To quickly summarize a large body of sociological research and opinions about punishment: Prison may not be the answer for criminal defendants who suffer from substance abuse problems. Prison may be the answer, however, for those defendants who commit serious felonies as opposed to minor misdemeanors.
What about defendants who suffer from substance abuse but who also commit felonies?
Enter the DOSA.
As the name indicates, a drug offender sentencing alternative (DOSA) is an alternative to a typical prison sentence that felony offenders typically receive. In Washington, there are two types of DOSA sentences: prison-based and residential-based.
Under a prison-based DOSA, offenders get a reduced prison sentence in exchange for completing an intensive, residential inpatient drug treatment program in the community and complying with strict release conditions (like obviously, not using illegal substances).
Under a residential DOSA, offenders receive no prison at all time at all; instead, they complete treatment at a Department of Corrections-funded residential facility, which vary in length depending on the severity of the substance abuse.
In non-legal terminology, think of the DOSA as the equivalent of really strict parole.
The Sentencing Reform Act (briefly explained)
Leanne Hardy pleaded guilty to three felonies—two counts of unlawful drug possession (heroin and methamphetamine) and one count of bail jumping.
In Washington, sentencing is different for felonies and misdemeanors. With misdemeanors, judges can more or less impose whatever sentence they feel is appropriate consistent with the law.
Felony sentencing is less discretionary. Under the Sentencing Reform Act (SRA), judges use a “grid” to determine the punishment for adult felons based on the seriousness of the offense and the offender's criminal record.
Using the grid, judges arrive at an “offender score,” which determines the range of punishments an offender can receive. The higher the score, the higher the punishment. Absent exceptional circumstances, judges cannot deviate from this punishment range.
Based on Hardy's offender score, the standard sentencing range for her drug charges was 6 to 12 months in prison and 17 to 22 months for her bail jumping charge.
Is Hardy eligible for a DOSA?
By agreement of the parties, the superior court imposed a residential DOSA. Seemed like an open and shut case.
Except the Department of Corrections (DOC) had a problem with it.
Now you might reasonably wonder why DOC's opinion matters.

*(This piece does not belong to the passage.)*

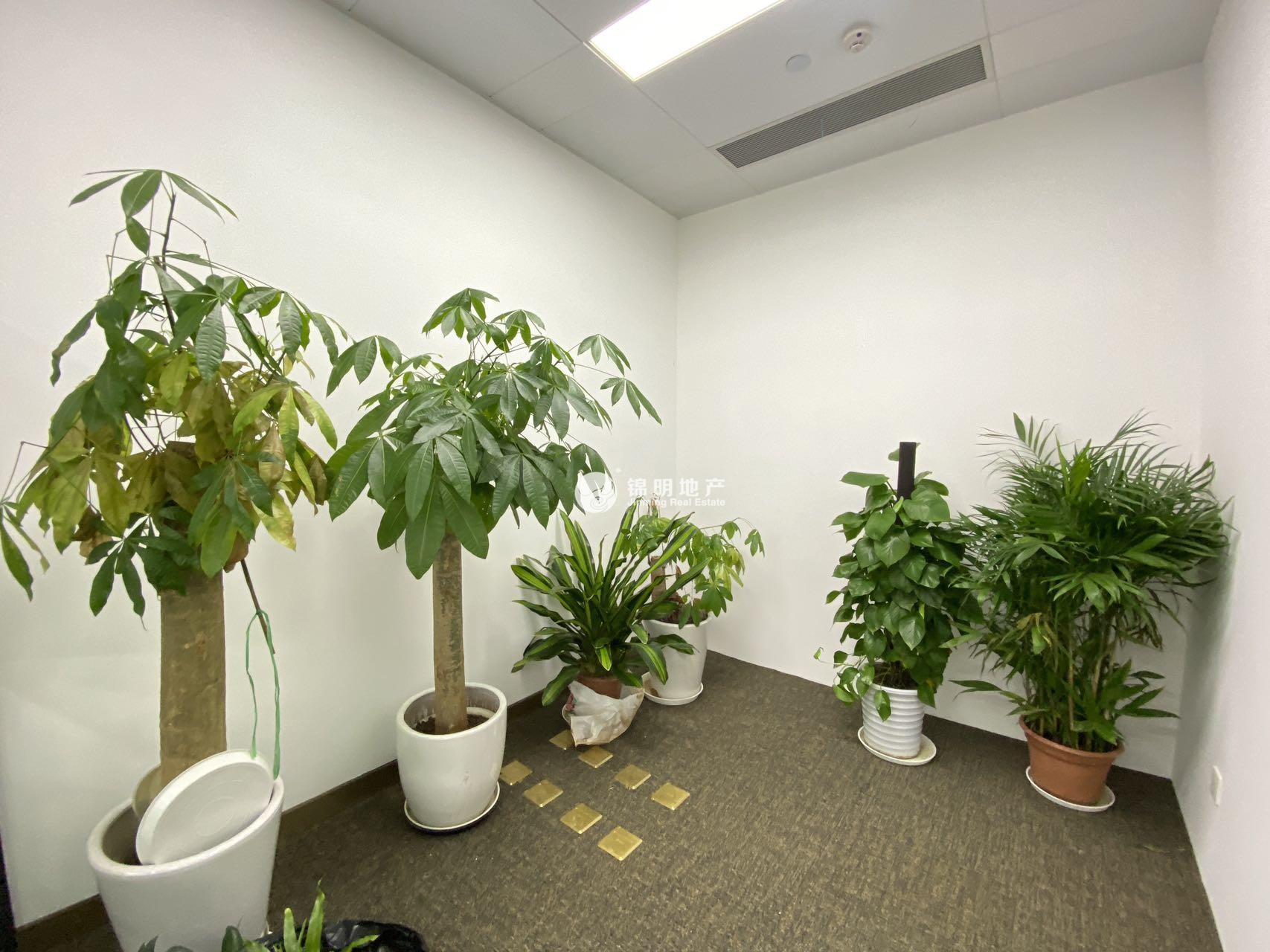 虹桥虹桥万通中心324平米写字楼出租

If the prosecutor, the defendant, and the judge all agree, then what else matters?
But under the Washington Rules of Appellate Procedure (RAP 18.16 to be exact), DOC can ask the court of appeals within 90 days to review any sentence that involves committing an offender to DOC custody, which a residential DOSA certainly does.
In The Matter of Postsentence Review of Hardy, DOC argued that Hardy was not eligible for a residential DOSA. To be eligible, by law the end of the standard sentence range for the current offense has to greater than one year. Because the range of Hardy's drug charges was less than one year, she wasn't eligible for a residential DOSA.
The Court disagreed. An offender like Hardy is eligible for a residential DOSA if she “has at least one sentence whose standard sentence range will be greater than one year.” Hardy was eligible because her bail jumping charge had a 17 to 22 month range.
But what about the sentence limitation relied upon by DOC? To simplify a complicated analysis, the Court reviewed the history and development of the SRA and concluded that DOSA sentencing is offender-based, not offense-based. That is, the SRA talks a lot about “offenders” being eligible for DOSA, as opposed to simply “offenses” being eligible for DOSA.
Furthermore, the Court ruled, the DOC's interpretation would lead to “absurd” results. Assume Hardy's drug offenses had the same sentencing range as her bail jumping charge—then she would clearly be eligible for a DOSA. But because her drug offenses are less serious, she's not eligible?
But isn't the point of a residential DOSA to offer community-based treatment for non-violent felony offenders who need treatment more than prison? For these reasons, Hardy got her DOSA.